- The Washington Times - Tuesday, March 29, 2005

LOS ANGELES (AP) — Johnnie Cochran, who became a legal superstar after helping clear O.J. Simpson during a sensational murder trial in which he uttered the famous quote “If it doesn’t fit, you must acquit,” died yesterday. He was 67.

Mr. Cochran died of an inoperable brain tumor at his home in Los Angeles, his family said. Mr. Cochran, who was diagnosed with the tumor in December 2003, was surrounded by his wife, Dale, and two sisters when he died.

“Certainly, Johnnie’s career will be noted as one marked by ‘celebrity’ cases and clientele,” his family said. “But he and his family were most proud of the work he did on behalf of those in the community.”

The “if it doesn’t fit” phrase has been quoted and parodied in the years since the trial. It derived from a moment during which Simpson tried on a pair of bloodstained gloves to show jurors they did not fit.

Soon after, jurors found the Hall of Fame football star not guilty of the 1994 slayings of his ex-wife Nicole Brown Simpson and her friend Ronald Goldman.

“Johnnie is what’s good about the law,” Simpson said in a telephone interview from Florida. “I don’t think I’d be home today without Johnnie.”

Michael Jackson, whom Mr. Cochran represented more than a decade ago when a 13-year-old boy accused the pop star of molesting him, said last night, “Johnnie Cochran was a true gentleman who embodied class, brilliance, honesty and integrity. His fight for justice transcended color, age or economic status.”

For Mr. Cochran, Simpson’s acquittal was the crowning achievement in a career notable for victories, often in cases with racial themes. He was a black man known for championing the causes of black defendants. Some of them, like Simpson, were famous, but more often than not they were unknowns.

“The clients I’ve cared about the most are the No Js, the ones who nobody knows,” said Mr. Cochran, who proudly displayed copies in his office of the multimillion-dollar checks he won for ordinary citizens who said they were abused by police.

After Simpson’s acquittal, Mr. Cochran was endlessly parodied in films and TV shows. In “Lethal Weapon 4,” comedian Chris Rock plays a policeman who advises a criminal suspect that he has a right to an attorney, then warns him: “If you get Johnnie Cochran, I’ll kill you.”

The flamboyant Mr. Cochran enjoyed that parody so much he even quoted it in his autobiography, “A Lawyer’s Life.”

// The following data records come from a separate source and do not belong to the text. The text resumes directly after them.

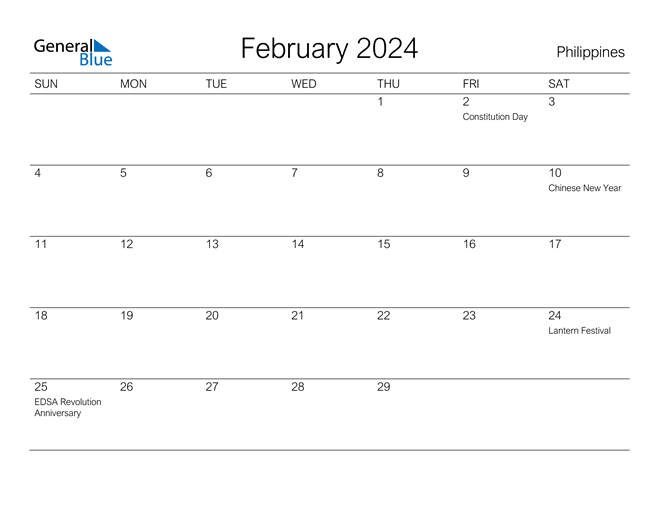 Philippines February 2024 Calendar with Holidays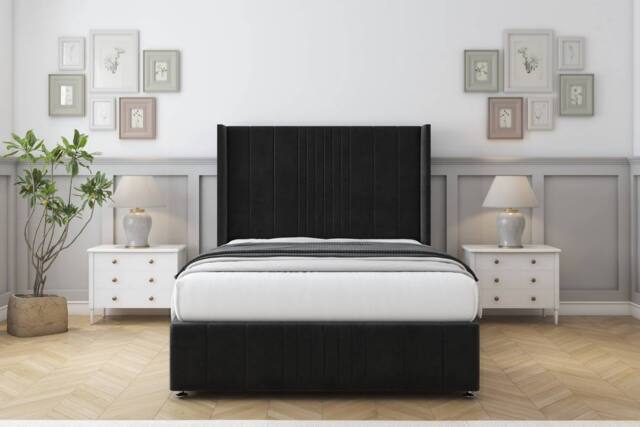 "Comfort Beds Grace Plush Divan Base No Drawers - 54"" Wingback-Footboard in Black - Size: Super King" - image 1
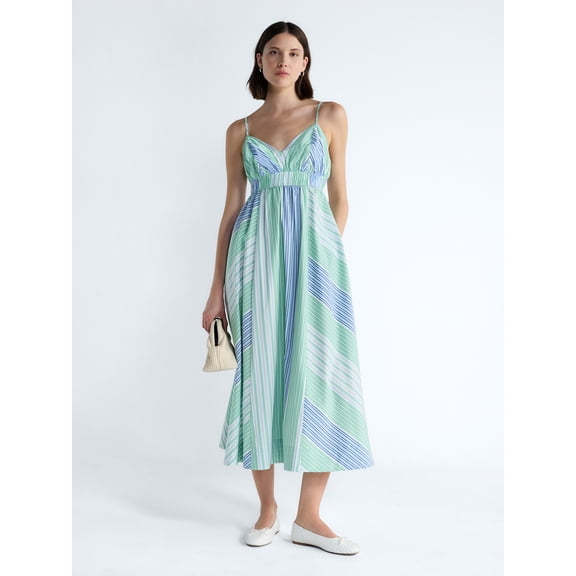 Free Assembly Women's and Women's Plus Striped Cotton Maxi Dress, with Cut Out Back, Sizes XS-4X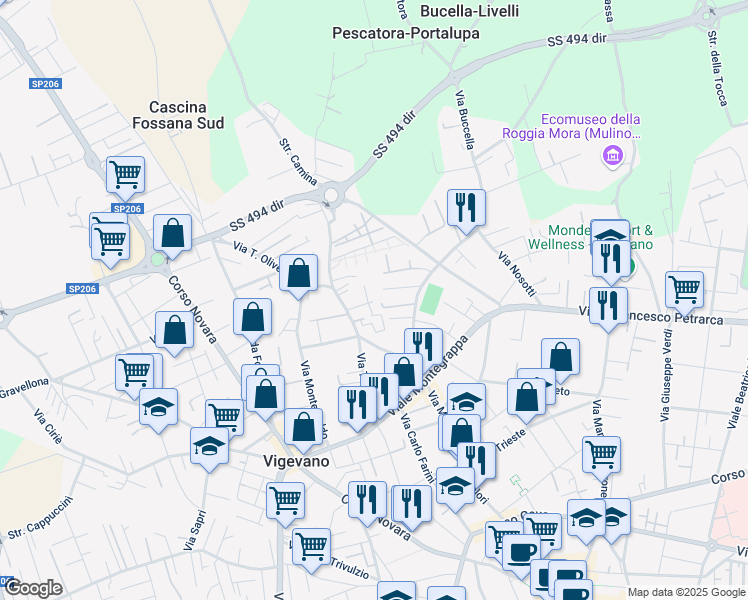 map of restaurants, bars, coffee shops, grocery stores, and more near 20 Via Enrico Toti in Vigevano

Mr. Cochran was born Oct. 2, 1937, in Shreveport, La., the great-grandson of slaves, grandson of a sharecropper and son of an insurance salesman. He came to Los Angeles with his family in 1949, and became one of two dozen black students integrated into Los Angeles High School in the 1950s.

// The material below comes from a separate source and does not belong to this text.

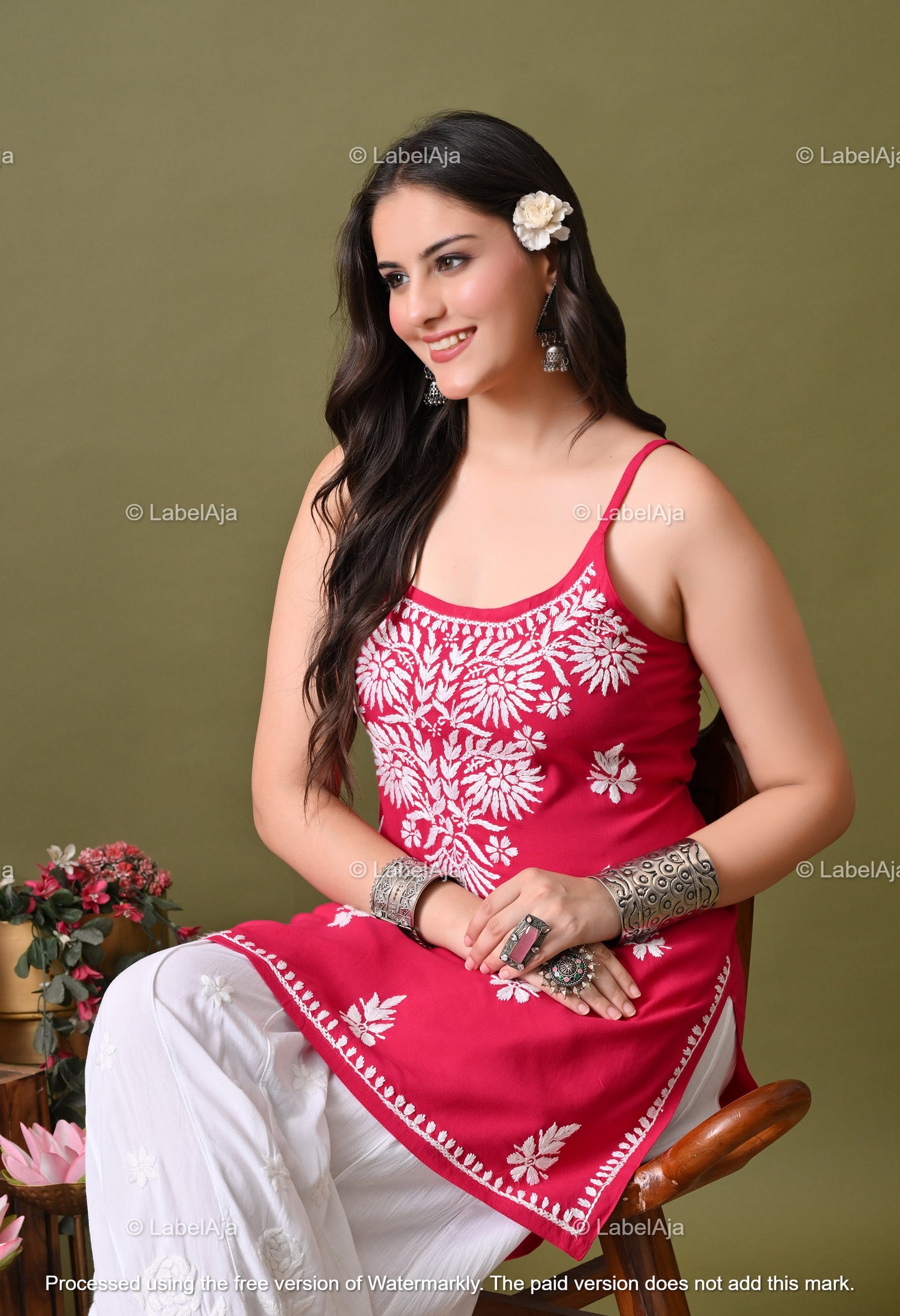 Niya rayon chikankari noodle strap short top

After graduating from the University of California at Los Angeles (UCLA), Mr. Cochran earned a law degree from Loyola University. He spent two years in the Los Angeles City Attorney’s Office before establishing his own practice.

Although he frequently took police departments on in court, Mr. Cochran denied being anti-police and supported the decision of his only son, Jonathan, to join the California Highway Patrol.

He remained a beloved figure in the black community, admired as a philanthropist who helped fund a UCLA scholarship, a low-income housing complex and a New Jersey legal academy.